__Your task__.
All lines holding the word "free" should be located in the records and copied.

__Information supplied__.
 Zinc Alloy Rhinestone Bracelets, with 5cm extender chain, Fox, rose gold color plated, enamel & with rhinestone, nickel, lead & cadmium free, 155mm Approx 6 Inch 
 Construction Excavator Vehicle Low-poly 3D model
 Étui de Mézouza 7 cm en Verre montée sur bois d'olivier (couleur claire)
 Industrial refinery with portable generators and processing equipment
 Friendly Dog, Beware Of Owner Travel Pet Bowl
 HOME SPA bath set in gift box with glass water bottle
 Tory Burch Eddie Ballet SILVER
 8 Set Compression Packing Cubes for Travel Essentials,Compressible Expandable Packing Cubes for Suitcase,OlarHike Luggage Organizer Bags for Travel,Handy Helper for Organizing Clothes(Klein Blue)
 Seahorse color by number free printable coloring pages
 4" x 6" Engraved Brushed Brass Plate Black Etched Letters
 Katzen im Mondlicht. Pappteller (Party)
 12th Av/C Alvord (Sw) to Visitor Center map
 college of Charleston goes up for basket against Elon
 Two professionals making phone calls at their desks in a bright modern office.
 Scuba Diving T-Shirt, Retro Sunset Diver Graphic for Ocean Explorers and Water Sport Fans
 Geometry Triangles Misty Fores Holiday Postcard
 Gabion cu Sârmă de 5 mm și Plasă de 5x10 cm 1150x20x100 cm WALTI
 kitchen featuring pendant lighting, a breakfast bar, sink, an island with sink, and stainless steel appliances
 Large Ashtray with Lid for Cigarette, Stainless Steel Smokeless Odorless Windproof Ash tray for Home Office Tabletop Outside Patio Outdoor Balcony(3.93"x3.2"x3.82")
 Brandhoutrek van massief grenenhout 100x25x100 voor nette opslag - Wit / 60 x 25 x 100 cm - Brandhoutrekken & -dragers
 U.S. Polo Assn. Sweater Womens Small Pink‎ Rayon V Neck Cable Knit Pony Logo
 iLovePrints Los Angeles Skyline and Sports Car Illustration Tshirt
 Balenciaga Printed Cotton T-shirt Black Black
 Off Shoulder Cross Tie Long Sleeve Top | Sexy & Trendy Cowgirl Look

__Expected answer__.
 Zinc Alloy Rhinestone Bracelets, with 5cm extender chain, Fox, rose gold color plated, enamel & with rhinestone, nickel, lead & cadmium free, 155mm Approx 6 Inch 
 Seahorse color by number free printable coloring pages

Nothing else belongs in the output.